1.4. The Investor represents and agrees that no Wefunder Party has recommended or suggested any investment in a SPV, or any investment related to a Company, to the Investor.

1.5. Investor understands that no Wefunder Party is an adviser to Investor, and that Investor is not an advisory or other client of any Wefunder Party.

1.6. The Investor is not relying on any Wefunder Party or any other person or entity with respect to the legal, accounting, business, investment, pension, tax or other economic considerations involved in this investment other than the Investor's own advisers that are not affiliated with any of the foregoing persons.

1.7. The Investor has such knowledge and experience in financial and business matters that the Investor is capable of evaluating the merits and risks of the Investor's investment in the SPV and is able to bear such risks. The Investor has obtained, in the Investor's judgment, sufficient information to evaluate the merits and risks of such investment.
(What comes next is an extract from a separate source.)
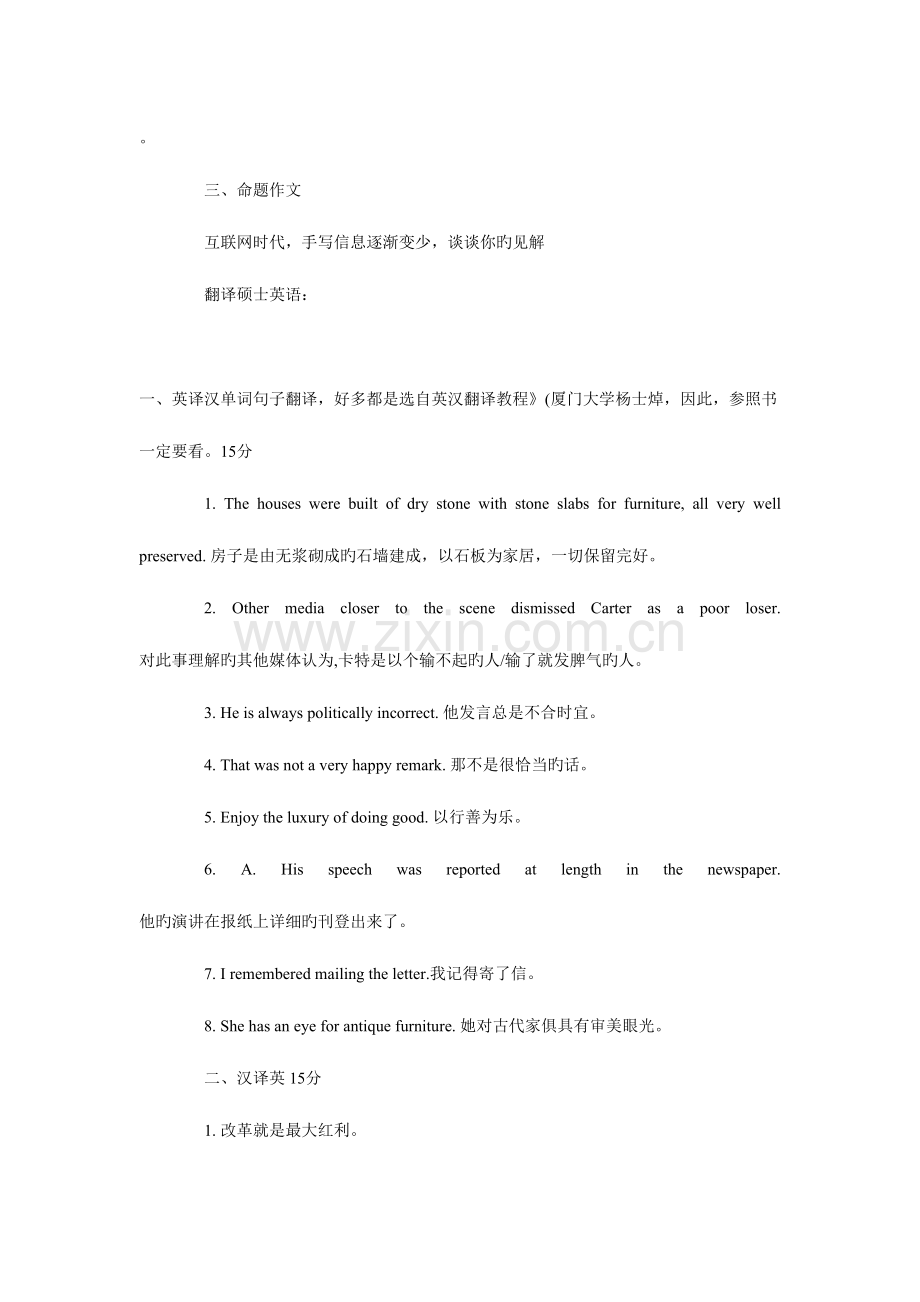 2023年厦门大学翻译硕士考研真题.doc_第2页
The Investor has evaluated the risks of investing in the SPV, understands there are substantial risks of loss incidental to the purchase of an Interest and has determined that the Interest is a suitable investment for the Investor and consistent with the general investment objectives of the Investor.

## 2. Investor's Representations Related To Investment in a SPV.
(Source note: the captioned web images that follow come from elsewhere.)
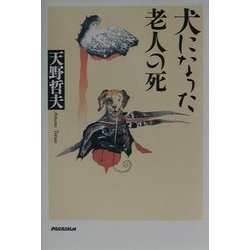 犬になった老人の死 [単行本]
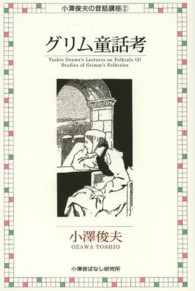 小澤俊夫の昔話講座<br> グリム童話考 （復刻版）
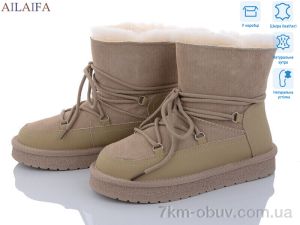 купить Ailaifa U32-6 оптом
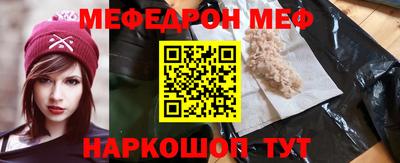 спайс Конаково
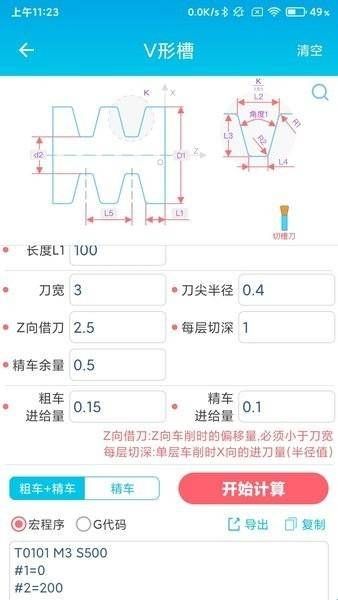 数控车工计算器手机版  
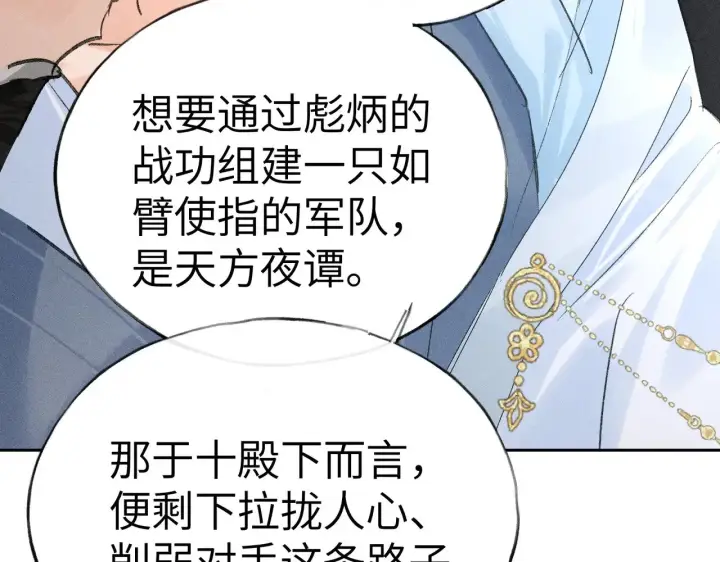 漫画《诱敌深入》25 十殿下果然甚香第72张图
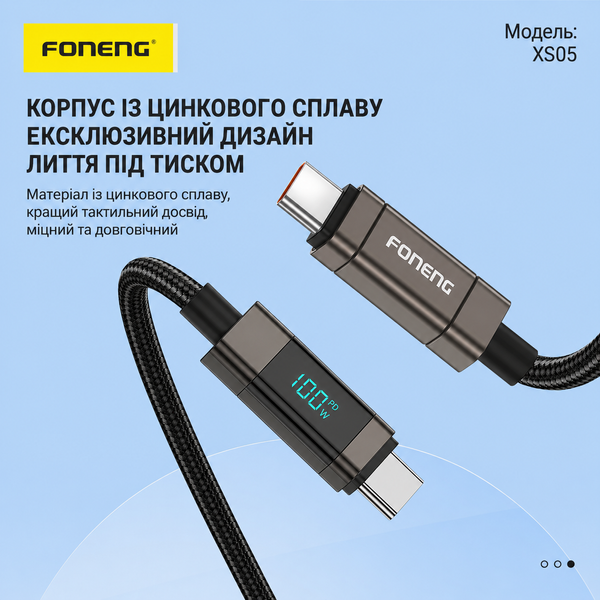 Кабель для зарядки Foneng XS05 Type-C на Type-C 100 Вт 1.2 м універсальний для смартфонів, призначений для швидкої зарядки iPhone мобільних телефонів павербанків та ноутбуків шнури для смартфонів і планшетів, Чорний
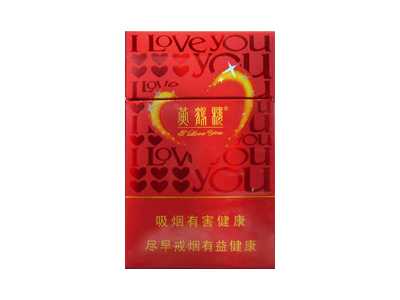 黄鹤楼(硬同心)香烟价格表_多少钱一盒-第1张图片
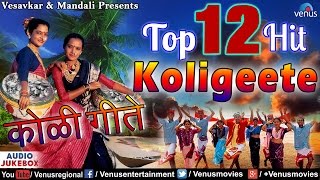 Top 12 Hits Koligeete  Marathi Koligeet  Audio Jukebox [upl. by Annairdua]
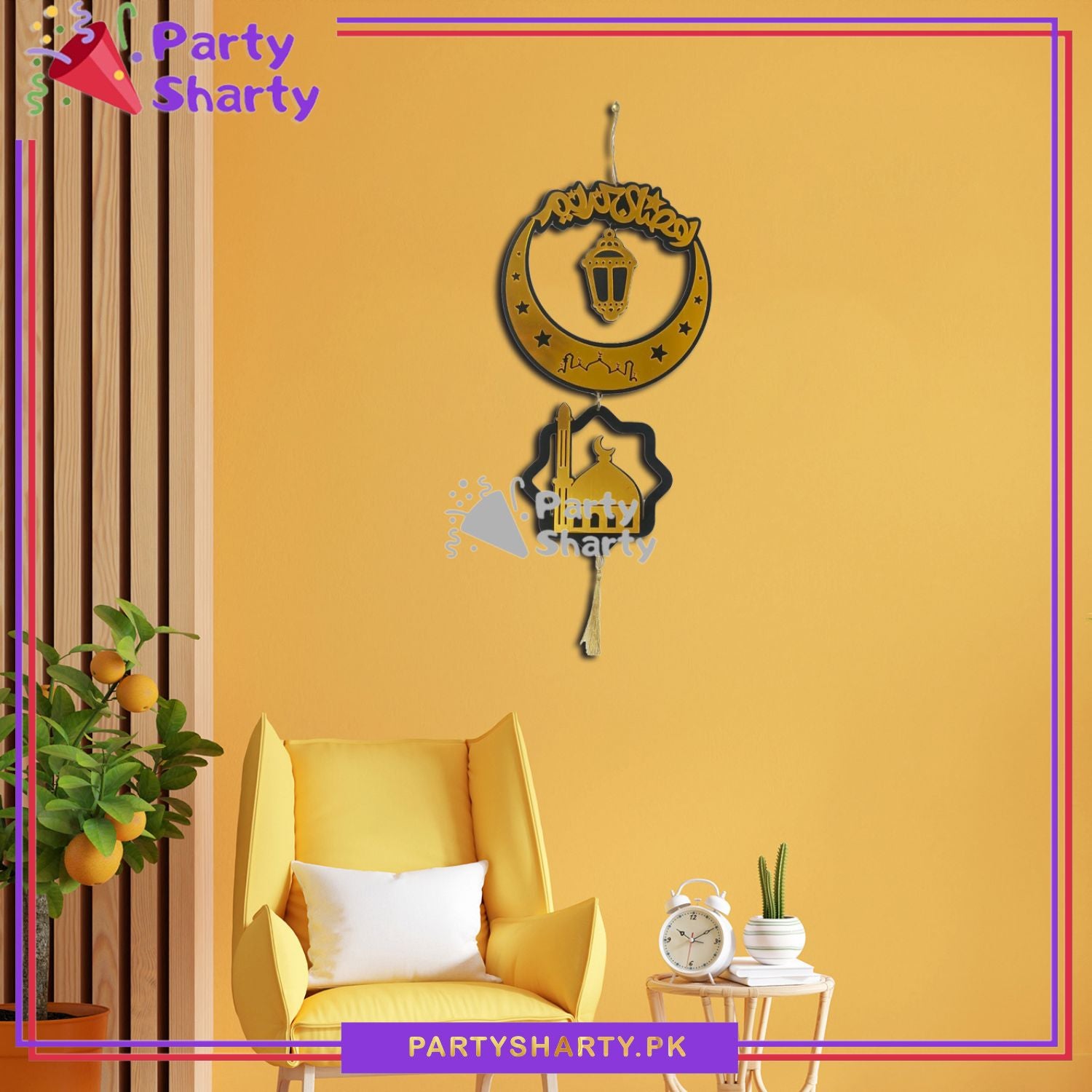 24inches Ramadan Kareem Crescent with Lantern & Mosque Cutout Hanging For Ramadan Kareem Wall Decoration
2.1. The Investor is acquiring the Interest for its own account, for investment purposes only and not with an intent to resell or distribute the Interest (or any distributions received from the SPV in whole or in part), and the Investor agrees that it will not sell or otherwise transfer the Interest unless in compliance with Regulation Crowdfunding and other applicable securities laws, and with the terms and conditions of this Agreement.

2.2. The Investor's investment in the Interest is consistent with the investment purposes, objectives and cash flow requirements of the Investor and will not adversely affect the Investor's overall need for diversification and liquidity.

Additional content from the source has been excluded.